---------- Extracted entries
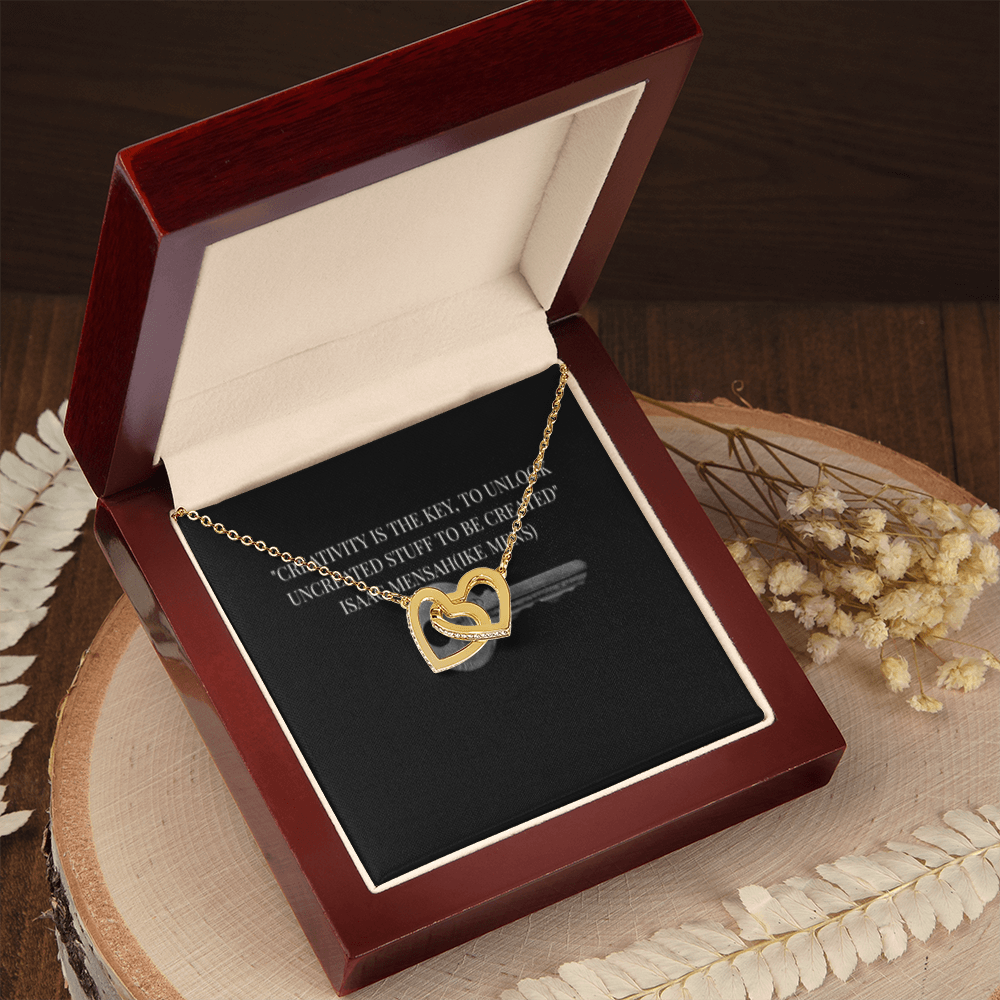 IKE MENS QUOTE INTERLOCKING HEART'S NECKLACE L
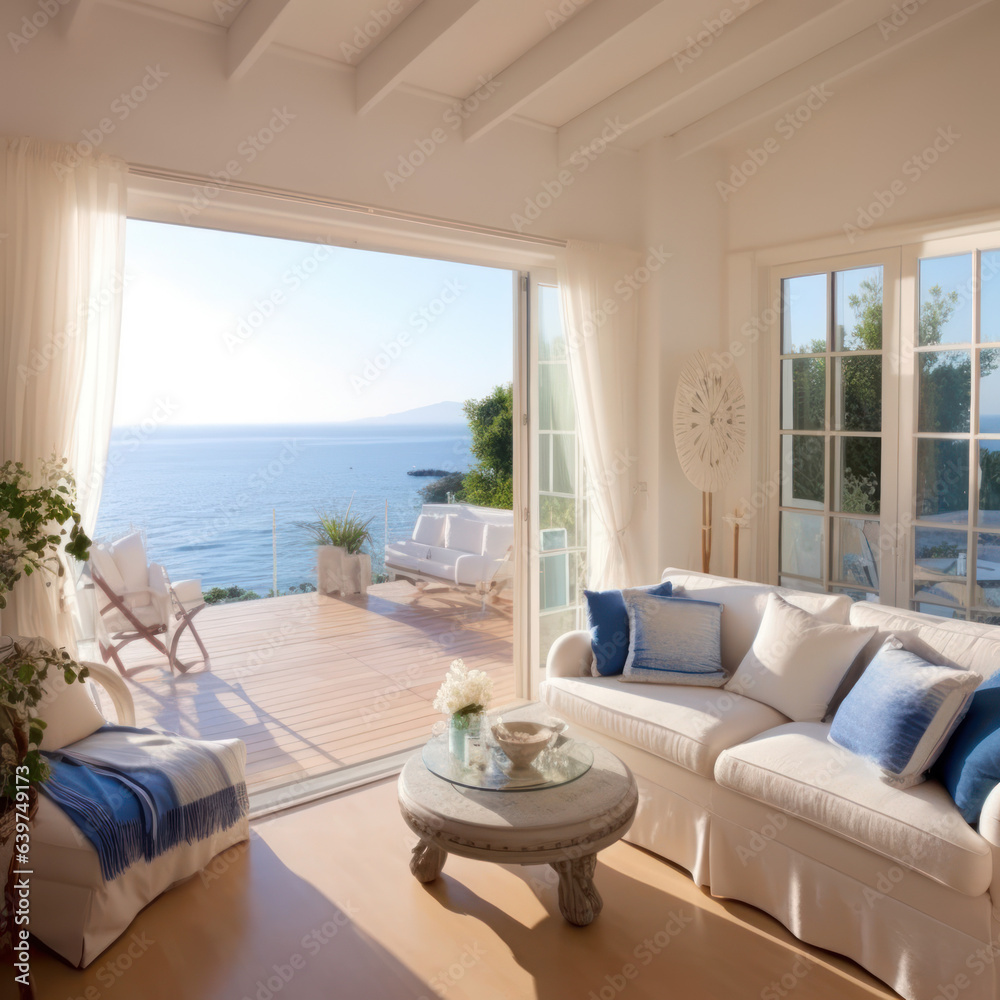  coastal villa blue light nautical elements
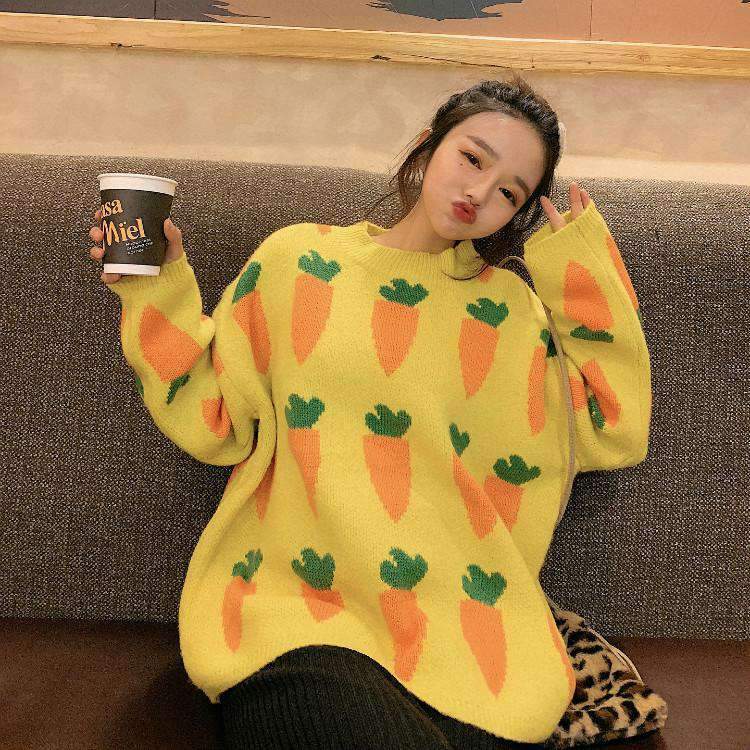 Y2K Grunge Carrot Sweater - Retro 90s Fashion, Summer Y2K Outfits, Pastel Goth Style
--------------------
---------- Extracted entries
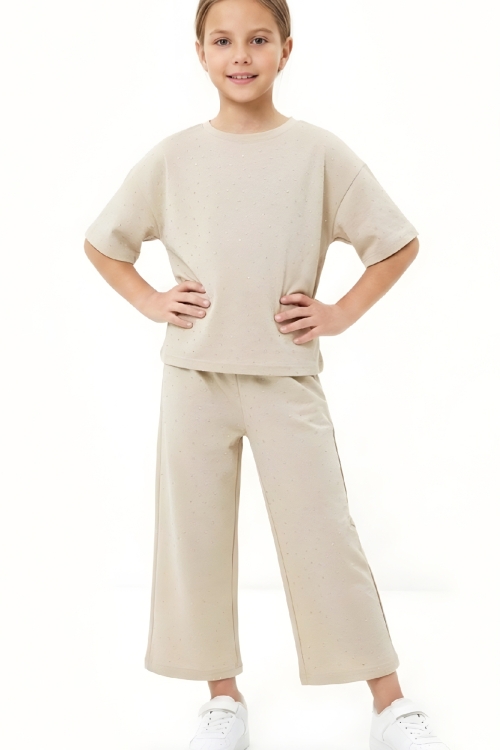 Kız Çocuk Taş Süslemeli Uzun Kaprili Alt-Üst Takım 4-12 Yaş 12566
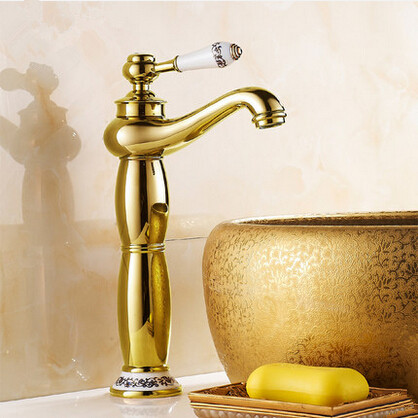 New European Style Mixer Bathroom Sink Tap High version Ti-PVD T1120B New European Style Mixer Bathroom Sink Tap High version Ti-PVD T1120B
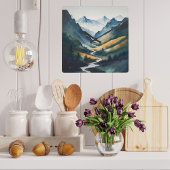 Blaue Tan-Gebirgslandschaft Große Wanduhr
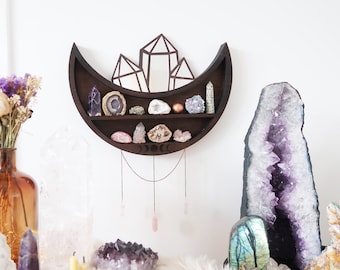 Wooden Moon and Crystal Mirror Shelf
--------------------
Reproduce the listing above exactly from the line containing "IKE MENS QUOTE" up to and including the line containing "Y2K Grunge Carrot", omitting any images and everything outside those lines.

### [Written response]
 IKE MENS QUOTE INTERLOCKING HEART'S NECKLACE L
  coastal villa blue light nautical elements
 Y2K Grunge Carrot Sweater - Retro 90s Fashion, Summer Y2K Outfits, Pastel Goth Style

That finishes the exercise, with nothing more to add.